Key v. Aurora Housing Authority

2020 IL App (2d) 190440
CourtAppellate Court of Illinois
DecidedDecember 29, 2020
Docket2-19-0440
StatusPublished
Cited by3 cases

This text of 2020 IL App (2d) 190440 (Key v. Aurora Housing Authority) is published on Counsel Stack Legal Research, covering Appellate Court of Illinois primary law. Counsel Stack provides free access to over 12 million legal documents including statutes, case law, regulations, and constitutions.

Bluebook
Key v. Aurora Housing Authority, 2020 IL App (2d) 190440 (Ill. Ct. App. 2020).

Opinion

Digitally signed by Reporter of Decisions Reason: I attest to Illinois Official Reports the accuracy and integrity of this document Appellate Court Date: 2020.12.29 14:12:59 -06'00'

Key v. Aurora Housing Authority, 2020 IL App (2d) 190440

Appellate Court MICHELLE KEY, Plaintiff-Appellee, v. THE AURORA HOUSING Caption AUTHORITY and KEITH L. GREGORY, in His Official Capacity as Executive Director of the Aurora Housing Authority, Defendants- Appellants.

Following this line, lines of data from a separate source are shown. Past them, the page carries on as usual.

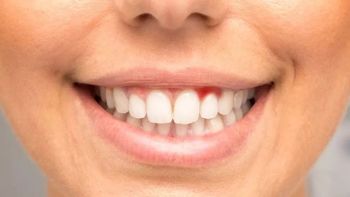 是谁在说牙龈出血吃维生素C就行了？侃侃什么真正的技术才能真的制得住“它”？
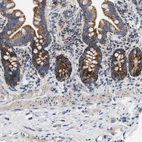 Immunohistochemical staining of human small intestine shows strong granular cytoplasmic positivity in glandular cells.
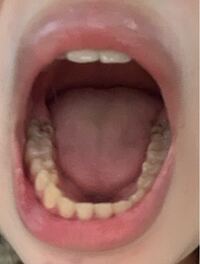 汚くてすみません 奥歯が黒いのですが これは虫歯でしょうか Yahoo 知恵袋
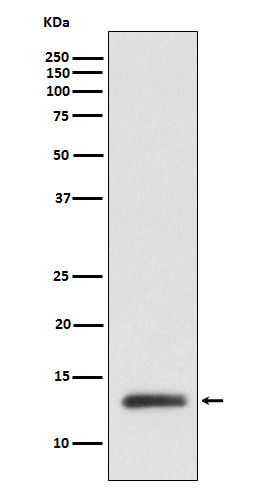 ROC1 Rabbit mAb 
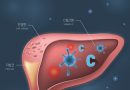 C형간염 검사, 평생 한 번은 꼭 받아야 하는 이유는?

District & No. Second District No. 2-19-0440

Filed March 17, 2020

Decision Under Appeal from the Circuit Court of Kane County, No. 16-MR-421; the Review Hon. Mark A. Pheanis, Judge, presiding.

Judgment Order vacated.

Counsel on Richard T. Petesch and Bernard K. Weiler, of Mickey, Wilson, Weiler, Appeal Renzi, Lenert & Julien, P.C., of Sugar Grove, for appellants.

Fred M. Morelli Jr. and Nischal Raval, of Morelli & Raval, of Aurora, for appellee.

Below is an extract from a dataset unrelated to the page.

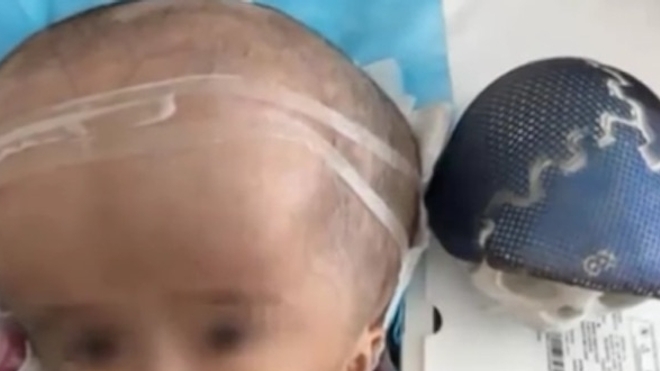 L'opération pour donner à la petite fille un nouveau crâne a duré 17 heures. Capture d'écran Youtube.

Panel JUSTICE HUDSON delivered the judgment of the court, with opinion. Justices Schostok and Bridges concurred in the judgment and opinion. OPINION

¶1 Defendants, the Aurora Housing Authority (AHA) and its executive director, Keith L. Gregory, appeal from an order of the circuit court of Kane County finding that plaintiff, Michelle Key, was entitled to housing assistance payments for a period of 22 months after a hearing officer upheld the AHA’s decision to terminate her benefits. We vacate the order.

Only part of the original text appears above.